■ TASK STATEMENT ■
Every line of the data is to be reproduced exactly.

■ SUPPLIED DATA ■
◇ ◇ ◇
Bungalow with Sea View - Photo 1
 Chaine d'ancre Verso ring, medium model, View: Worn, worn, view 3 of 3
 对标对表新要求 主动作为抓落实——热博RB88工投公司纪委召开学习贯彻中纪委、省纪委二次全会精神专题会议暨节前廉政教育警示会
◇ ◇ ◇
■ RESULT FOR THIS TASK ■
Bungalow with Sea View - Photo 1
 Chaine d'ancre Verso ring, medium model, View: Worn, worn, view 3 of 3
 对标对表新要求 主动作为抓落实——热博RB88工投公司纪委召开学习贯彻中纪委、省纪委二次全会精神专题会议暨节前廉政教育警示会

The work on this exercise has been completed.